▶ _Work task_
Exclude every picture. Output verbatim the lines from the one containing "Lexus LX — фото 17" to the end of the data.

▶ _Supplied data_
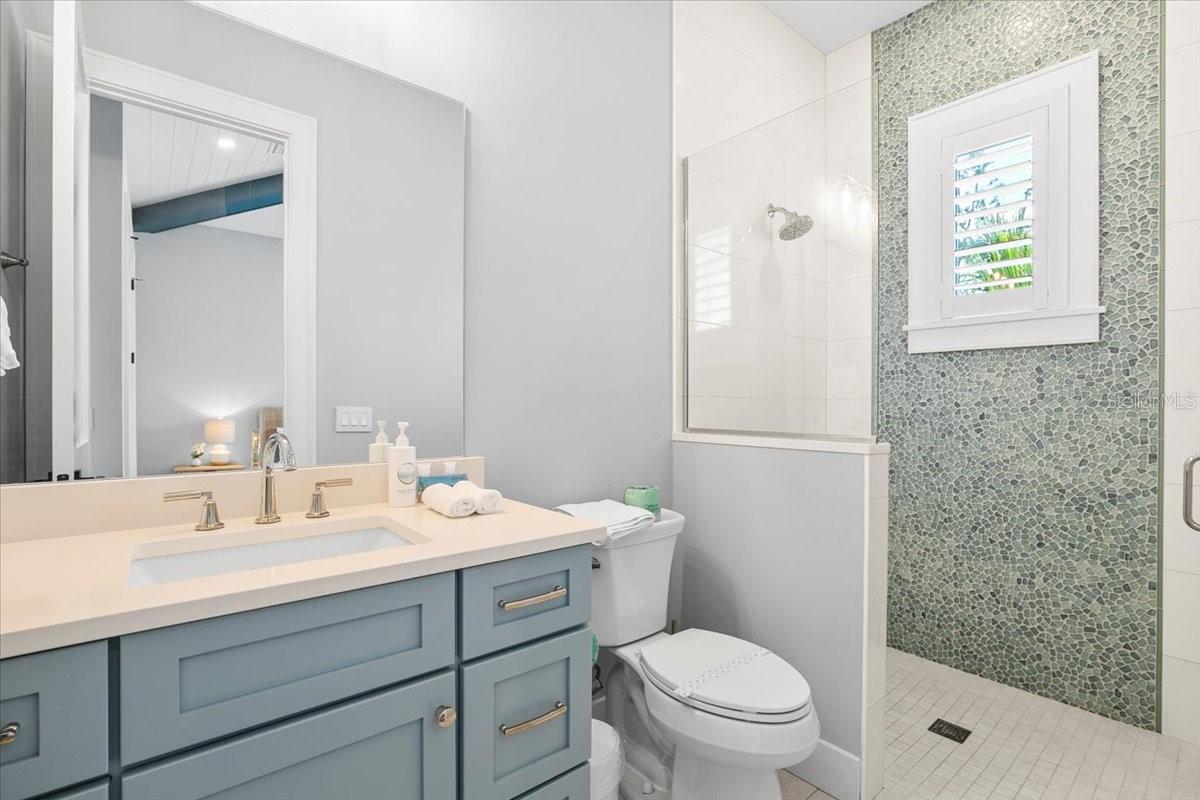 3702 5TH AVE, HOLMES BEACH, FL, 34217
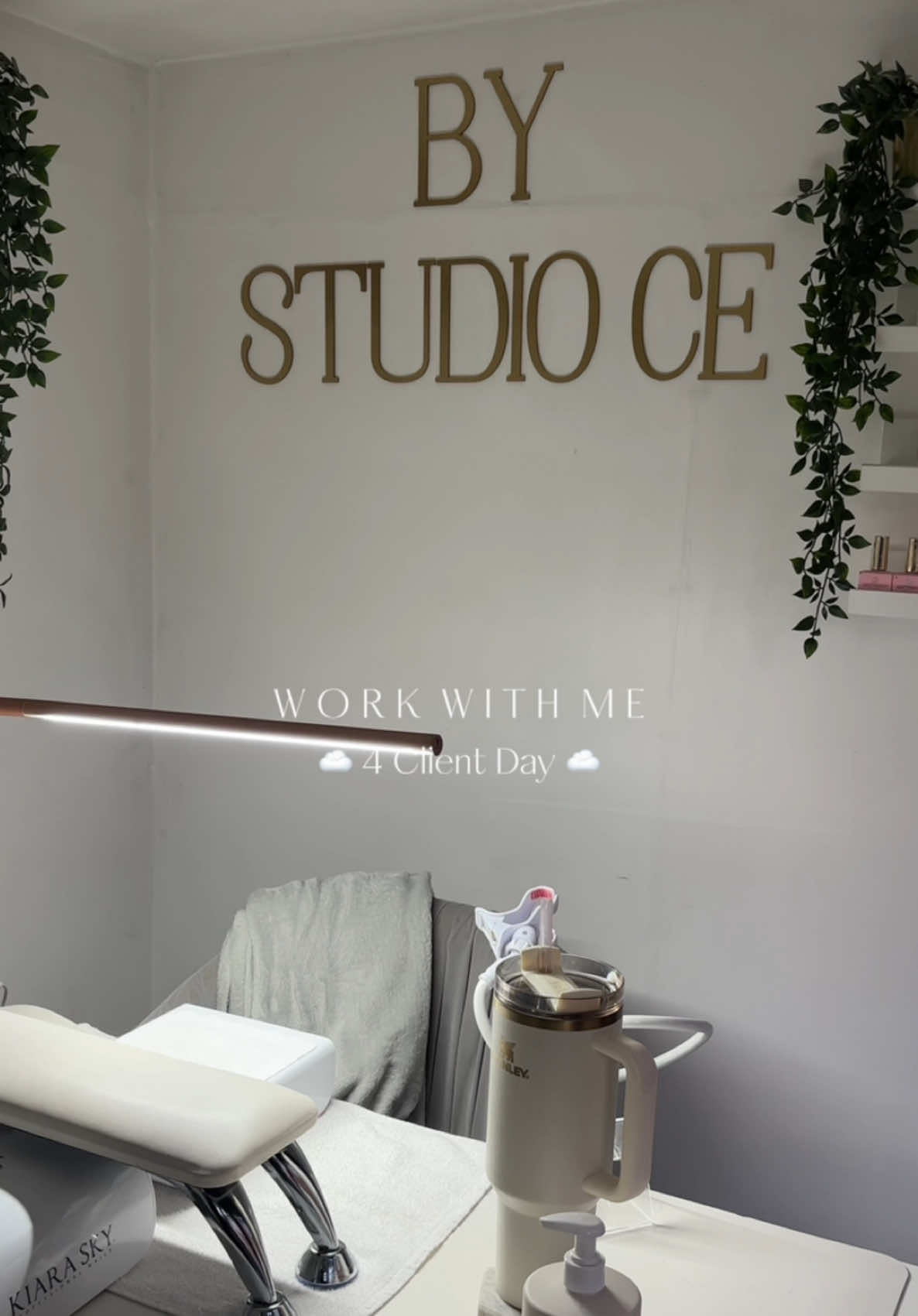 Come to work with me as a self employed nail tech🤍  #biab #buildergel #buildergelnails #biabnails #biablondon #londonnailtech 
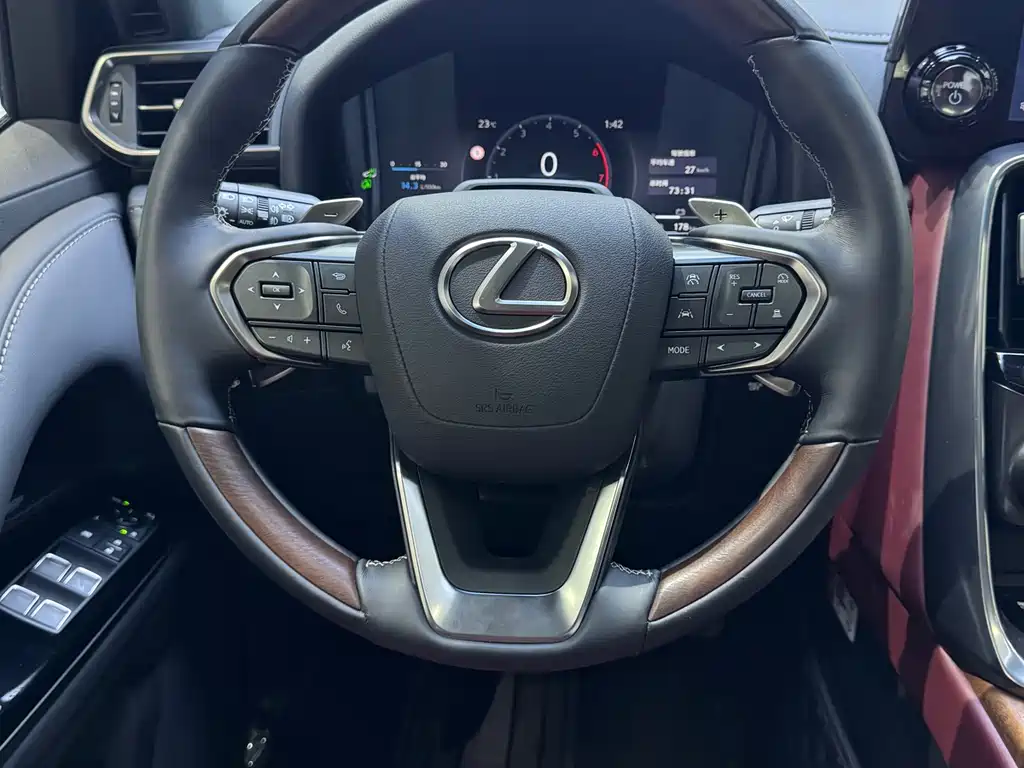 Lexus LX — фото 17
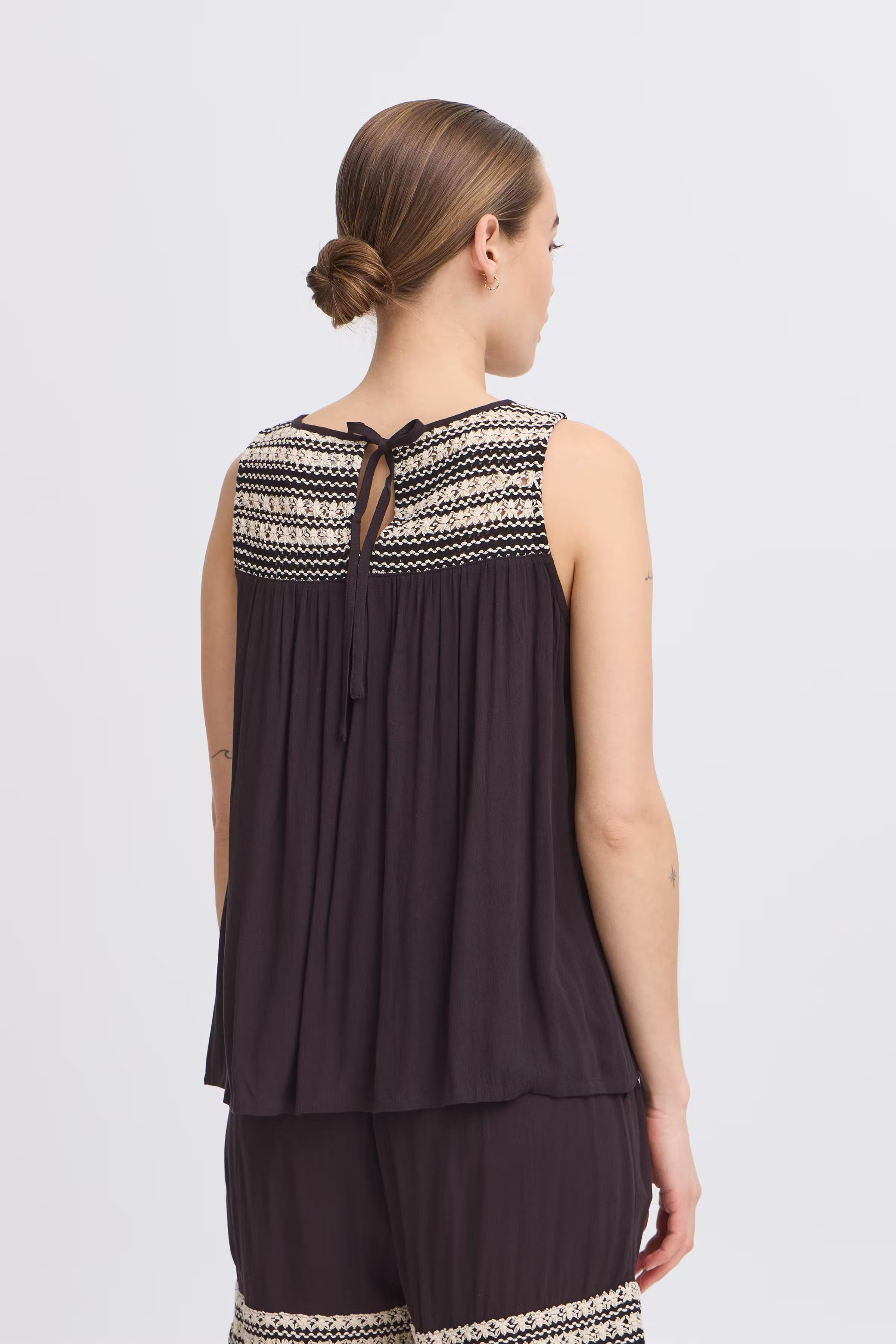 IHRAGNI Top LOOKBOOK BACK 20123291-194008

▶ _Output below_
 Lexus LX — фото 17
 IHRAGNI Top LOOKBOOK BACK 20123291-194008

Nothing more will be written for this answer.